▶ **Problem statement**
Please produce an exact copy of only the lines from the one with "Momentos de la" through the last one of the material, without pictures.

▶ **Given data**
┌──

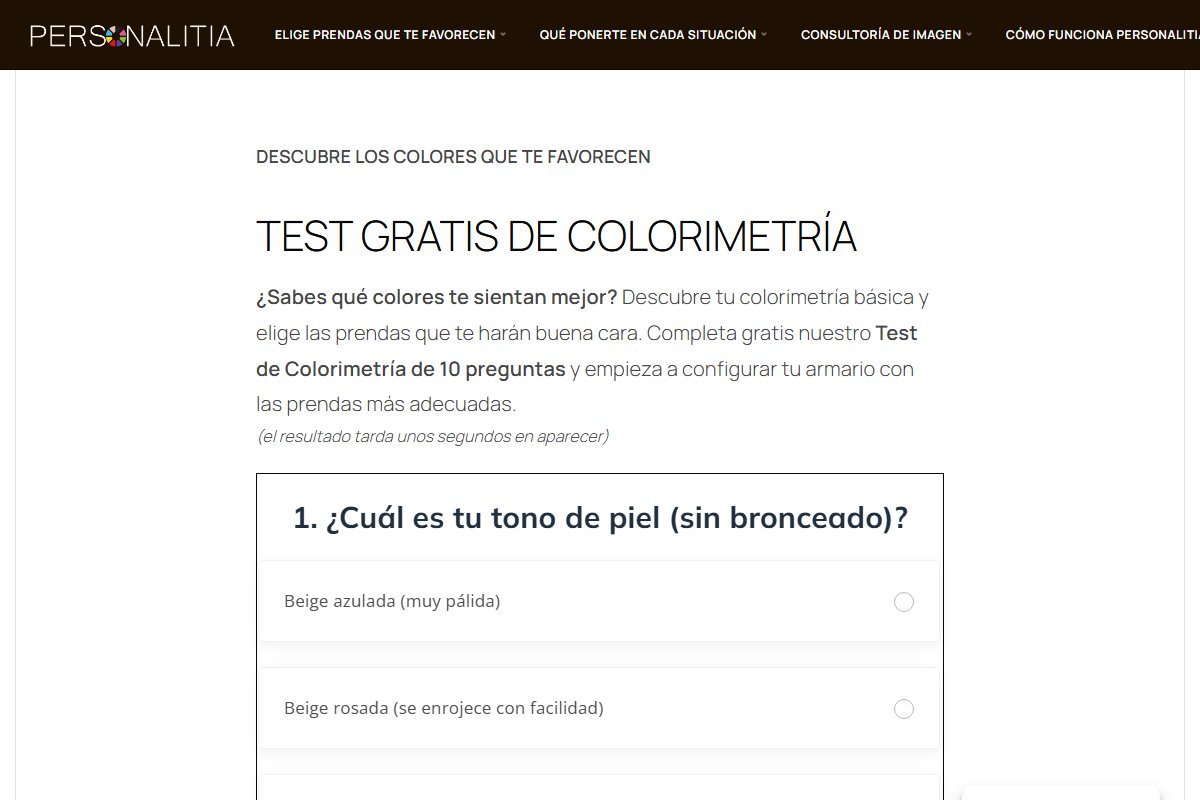 Interfaz de Personalitia con su test de colorimetría de 10 preguntas y opción de asesoría por Zoom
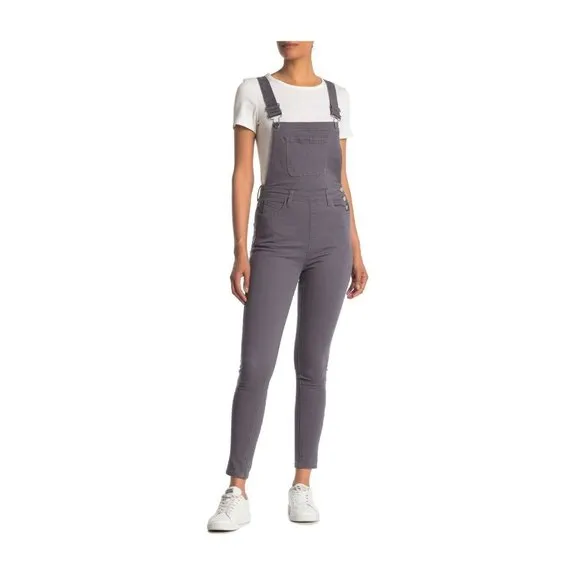 WeWoreWhat Hi-Rise Skinny Overalls Grey Stretch Size S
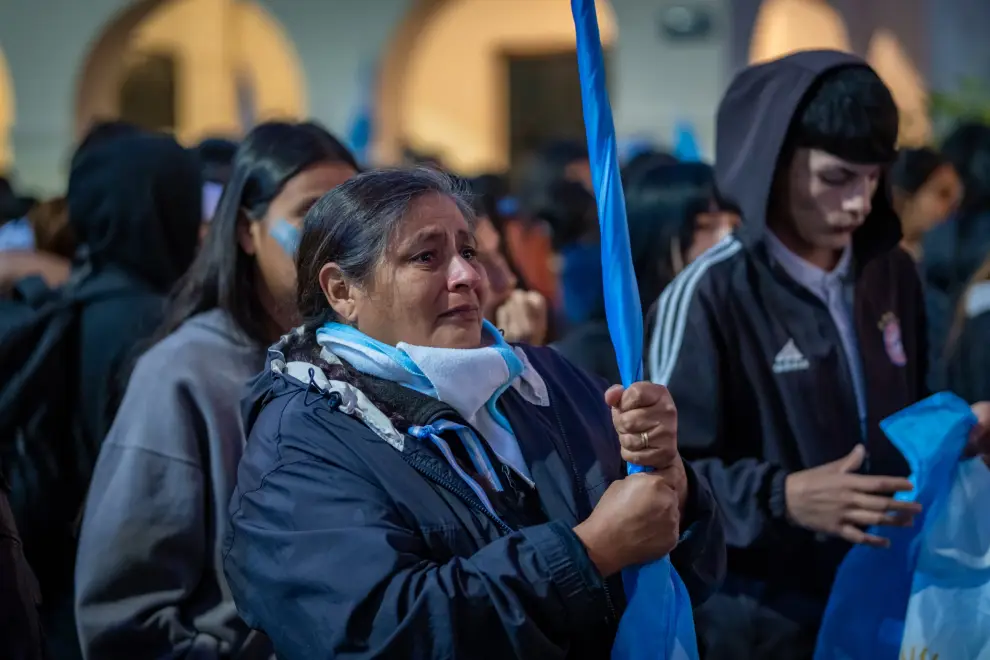 Momentos de la final argentina vs España plaza 9 de Julio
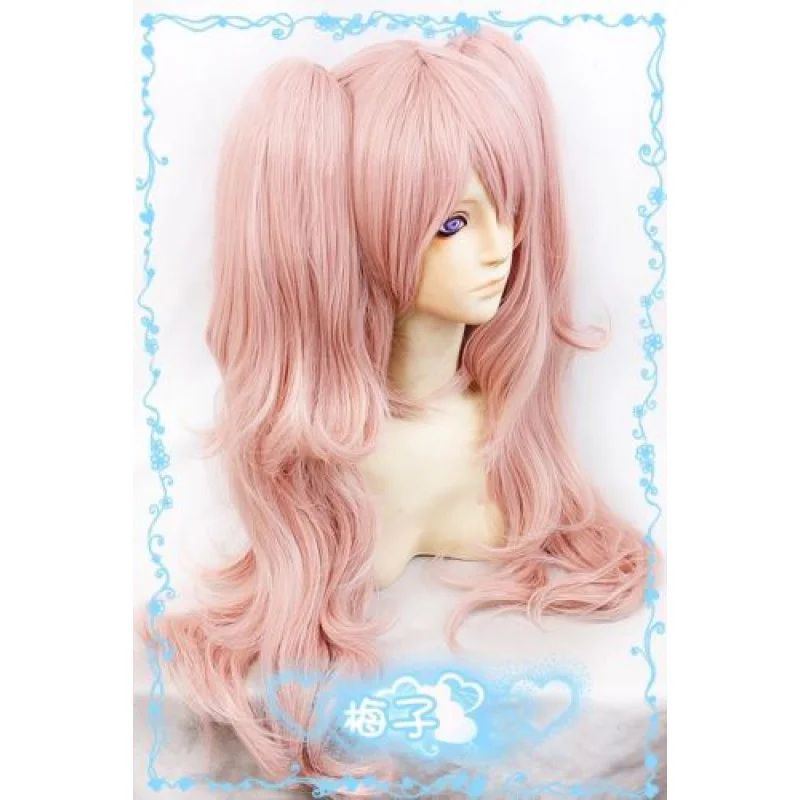 Dangan-Ronpa Junko Enoshima Long Pink Wavy Cosplay Wig Clips Ponytails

└──

▶ **Expected output**
 Momentos de la final argentina vs España plaza 9 de Julio
 Dangan-Ronpa Junko Enoshima Long Pink Wavy Cosplay Wig Clips Ponytails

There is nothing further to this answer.